Tu casa y tu reino permanecerán para siempre (2 S 7,1-5.8b-12.14a.16)
4º domingo de Adviento – B. 1ª lectura
1 Cuando
el rey se estableció en su casa y el Señor le concedió la paz con los enemigos
de alrededor, 2 dijo el rey al profeta Natán:
—Mira, yo
habito en una casa de cedro, mientras que el arca del Señor habita en una
tienda de lona.
3 Natán respondió al rey:
—Vete y haz
lo que te dicta el corazón, porque el Señor está contigo.
4 Pero esa misma noche la palabra del Señor llegó
sobre Natán en estos términos:
5 —Vete y dile a mi siervo David: Así dice el Señor: ¿Eres
tú el que va a edificar una casa para que Yo habite en ella? 8b Yo
te he tomado del aprisco, de detrás del rebaño para que seas príncipe sobre mi
pueblo Israel; 9 he estado contigo en todas tus andanzas, he
eliminado a todos tus enemigos ante ti y he hecho tu nombre grande entre los
grandes de la tierra. 10 Asignaré un lugar para mi pueblo Israel y
lo plantaré para que habite allí y nadie le moleste; los malvados no volverán a
oprimirlo como antes, 11 cuando constituí jueces sobre mi pueblo
Israel. Te concederé la paz con todos tus enemigos. El Señor te anuncia que Él
te edificará una casa. 12 Cuando hayas completado los días de tu
vida y descanses con tus padres, suscitaré después de ti un linaje salido de
tus entrañas y consolidaré su reino. 14a Yo seré para él un padre y
él será para mí un hijo. 16 Tu casa y tu reino permanecerán para
siempre en mi presencia y tu trono será firme también para siempre.
Natán es un profeta cortesano del que también se conservan sus
intervenciones relacionadas con Salomón y Betsabé, su madre (cfr 2 S 12,1-25; 1
R 1,11-40). Como profeta es portavoz de Dios —dos veces repite la fórmula
clásica: «Así dice el Señor» (vv. 5 y 8)—, también cuando tiene que oponerse a
los planes del rey (vv. 5-7), y proclama un mensaje que necesariamente afecta a
quien lo escucha porque la palabra de Dios es verdadera y siempre se cumple.

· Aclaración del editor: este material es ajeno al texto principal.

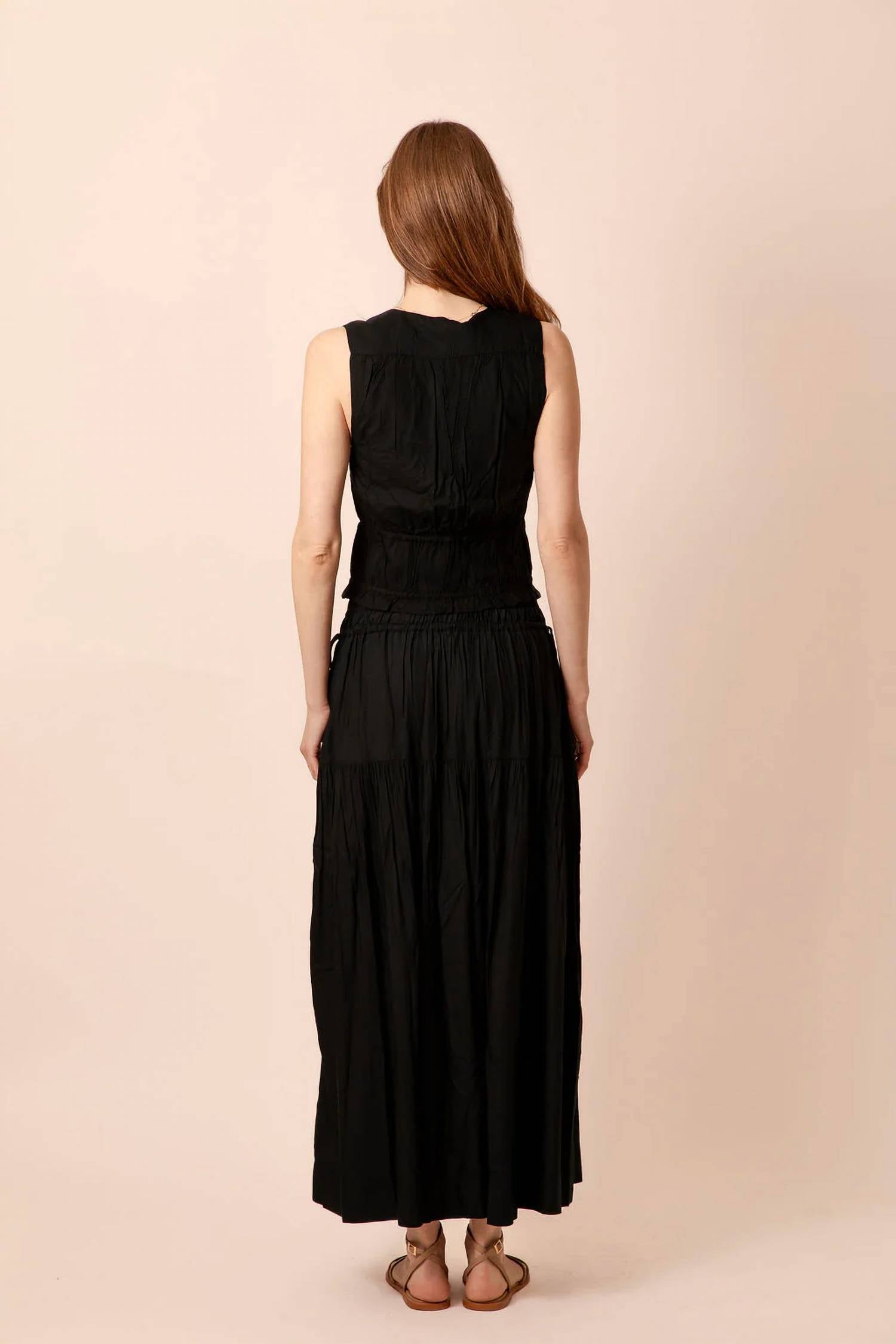 Elan - Vicki Maxi Skirt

La profecía de Natán tiene especial relevancia por fundamentar la sucesión
davídica y la doctrina mesiánica que nace con ella. Con la solemnidad de un
oráculo se da razón de la monarquía hereditaria de Israel y se concreta la
función específica del Templo dentro del pueblo elegido por Dios.

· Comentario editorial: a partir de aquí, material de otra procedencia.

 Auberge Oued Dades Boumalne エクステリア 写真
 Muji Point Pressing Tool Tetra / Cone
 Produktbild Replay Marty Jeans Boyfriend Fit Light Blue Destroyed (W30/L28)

El templo era para los pueblos paganos, egipcios, asirios y
babilonios, el centro de su vida y de su religiosidad porque allí guardaban a
sus dioses. En Israel, en cambio, la función del Templo iba a ser completamente
diferente. Se fundamenta en que el Dios verdadero no puede contenerse en un
templo, ni necesita un edificio en el que permanecer (cfr 1 R 8,27). Él es un
Dios personal, ligado a su pueblo, y, si acepta los lugares de culto antiguos
(cfr Gn 28,20-22), el tabernáculo del desierto (cfr Ex 33,7-11) y más tarde el
Templo de Jerusalén (cfr 1 R 8,1-66), es sólo como signos de su presencia en
medio del pueblo, no como habitáculo imprescindible. En la profecía de Natán se
señala que más que el Templo, es la dinastía davídica el signo de la presencia
y protección divina constituida desde el principio por querer exclusivo de
Dios. De ahí el juego de palabras entre «la casa de Dios» (Templo) y «la casa
de David» (dinastía).
La monarquía hereditaria es, por tanto, el centro del oráculo de
Natán. Si con la esterilidad de Mical se interrumpe la línea sucesoria de Saúl
(cfr 6,23), con la promesa profética queda consolidada la descendencia de
David. A tenor de la parte central del oráculo (vv. 13-16) todo descendiente de
David, figura del Mesías futuro, tendrá las siguientes cualidades:
a) Será un hijo para Dios (v. 14a). No se trata todavía de una
filiación natural, sino de la estrecha relación entre Dios y el monarca (cfr
Sal 2,7; 89,27-28), de modo que la persona y el gobierno del rey deberán ser
símbolo de la presencia e intervención del mismo Dios. La filiación divina del
rey es, por tanto, la expresión de la Alianza establecida entre Dios y el descendiente
de David. Dios se compromete a comportarse con el rey de Israel como un buen
padre con su hijo. Jesús llevará a plenitud estas palabras y esta Alianza
puesto que es el «Hijo eterno de Dios» hecho hombre (cfr Ga 4,4). Mientras que
Él es Hijo por generación natural, todos nosotros somos «hijos en el Hijo»:
«Porque tal es la razón por la que el Verbo se hizo hombre, y el Hijo de Dios,
Hijo del hombre: Para que el hombre al entrar en comunión con el Verbo y al
recibir así la filiación divina, se convirtiera en hijo de Dios» (S. Ireneo, Adversus haereses 3,19,1; cfr Catecismo de la Iglesia Católica ,
n. 460).
b) La dinastía davídica permanecerá siempre (vv. 12-13.15-16). El
título «hijo de David» no será sólo indicativo de una genealogía, sino de ser
beneficiario de esta profecía y de la Alianza davídica (cfr 1 R 8,25; Sal 132,10-18; Jr
17,24-27; Ez 34,23-24, etc.). Después del destierro será el título que con más
insistencia se aplicará al Mesías, y, finalmente, los escritores del Nuevo
Testamento mostrarán con empeño que Jesús es «hijo de David» (cfr Mt 1,1; 9,27;
Rm 1,3). La liturgia de la
Iglesia propone este texto en la Solemnidad de San José,
esposo de la Virgen María ,
ya que él garantiza la descendencia davídica de Jesús (Mt 1,20) puesto que el
Santo Patriarca era «de la casa de David» (Lc 1,27).